Task objective: The copy should run from the line containing "Cat Fishing Pole Toy - Image 0" through the last line of the entries below, exactly as written, with pictures omitted.

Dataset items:
◇ ◇ ◇

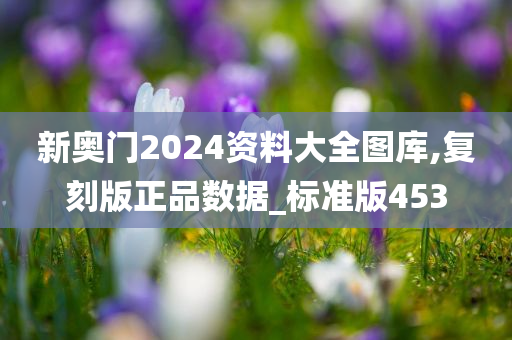 新奥门2024资料大全图库,复刻版正品数据_标准版453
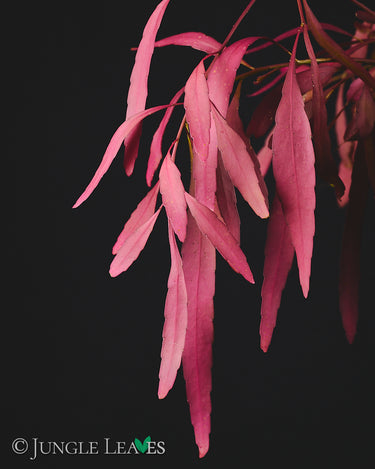 Pseudorhipsalis (Kimnachia) ramulosa 'Red Coral'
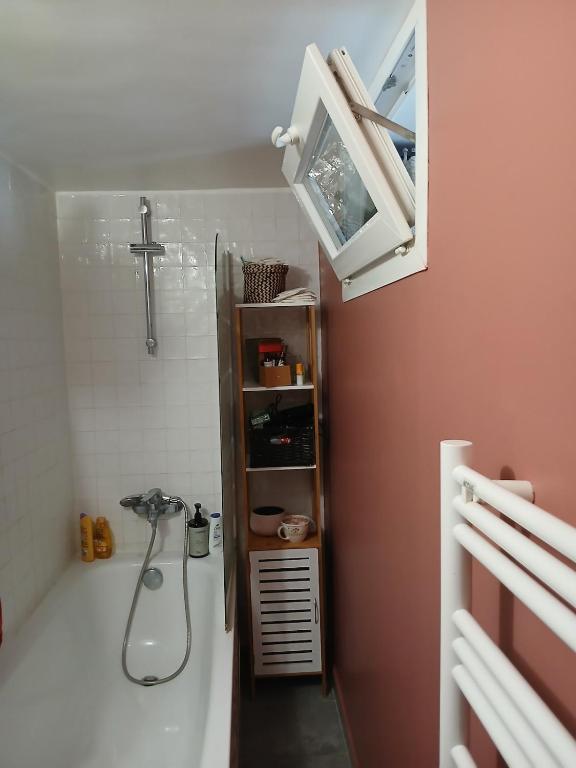 Sunny and Central Flat with a cute cat - 3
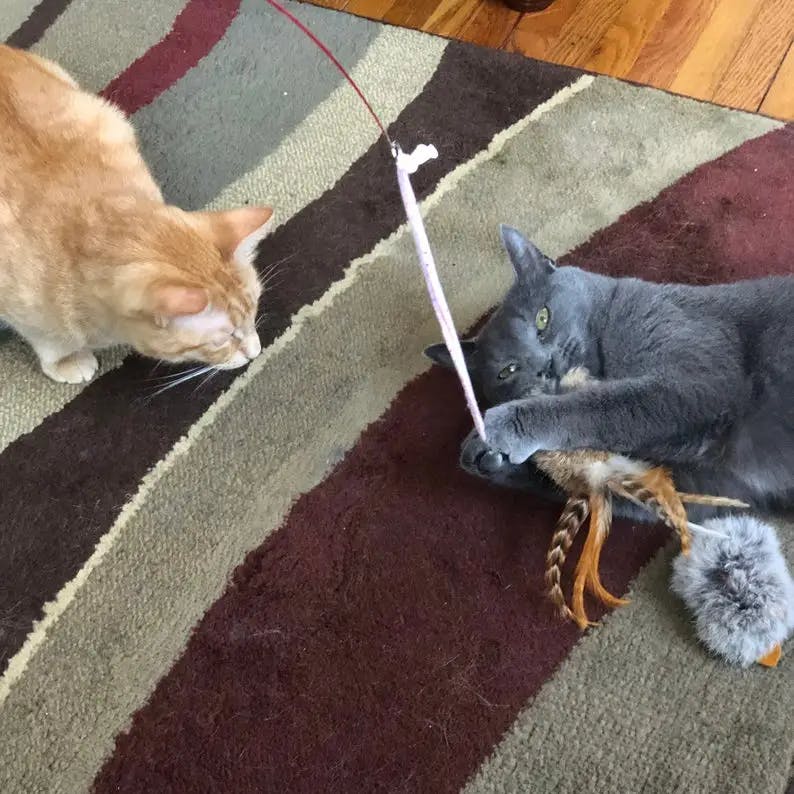 Cat Fishing Pole Toy - Image 0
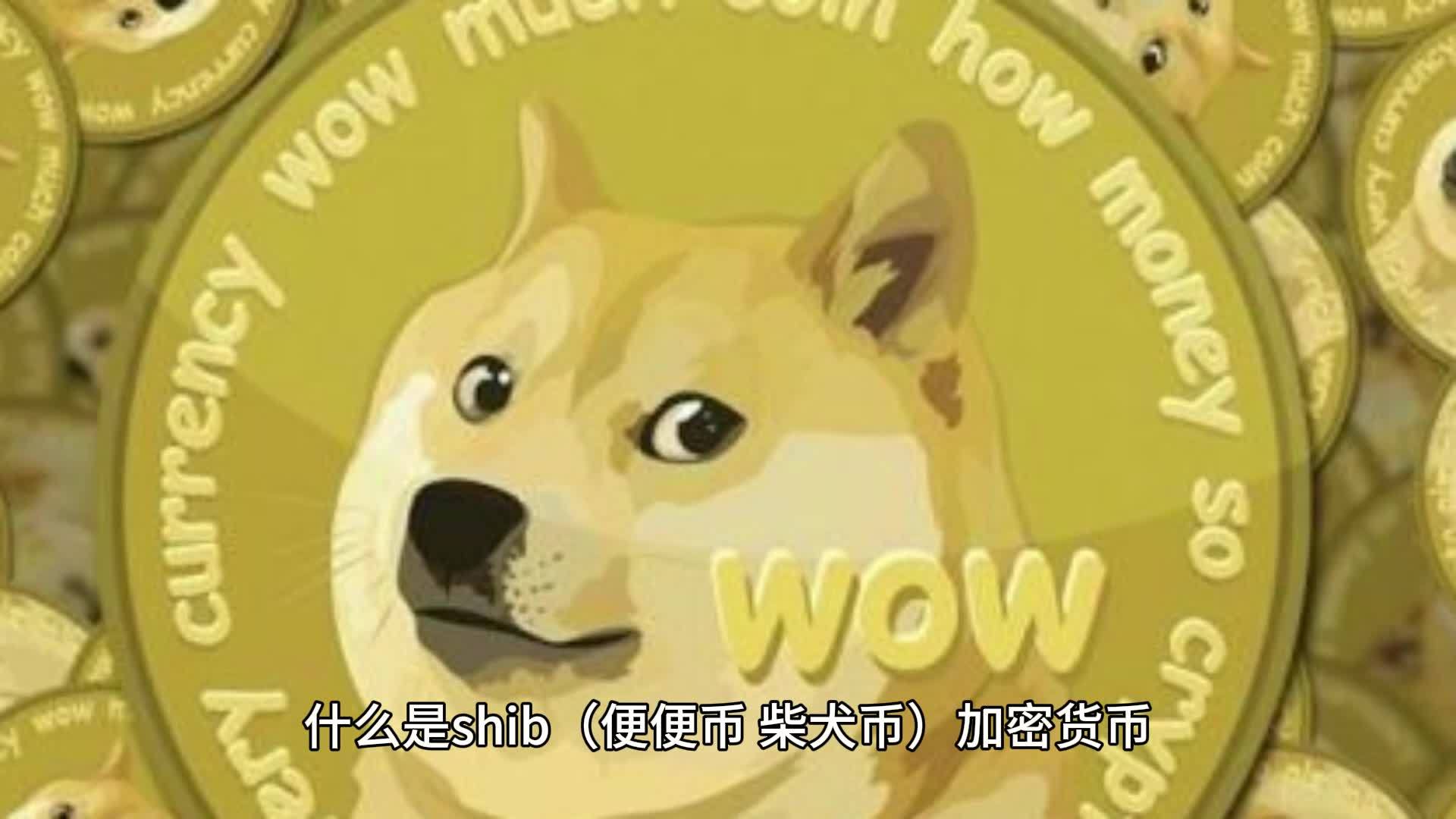 shib柴犬币分析(shin柴犬币是什么)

◇ ◇ ◇

Exercise answer:
 Cat Fishing Pole Toy - Image 0
 shib柴犬币分析(shin柴犬币是什么)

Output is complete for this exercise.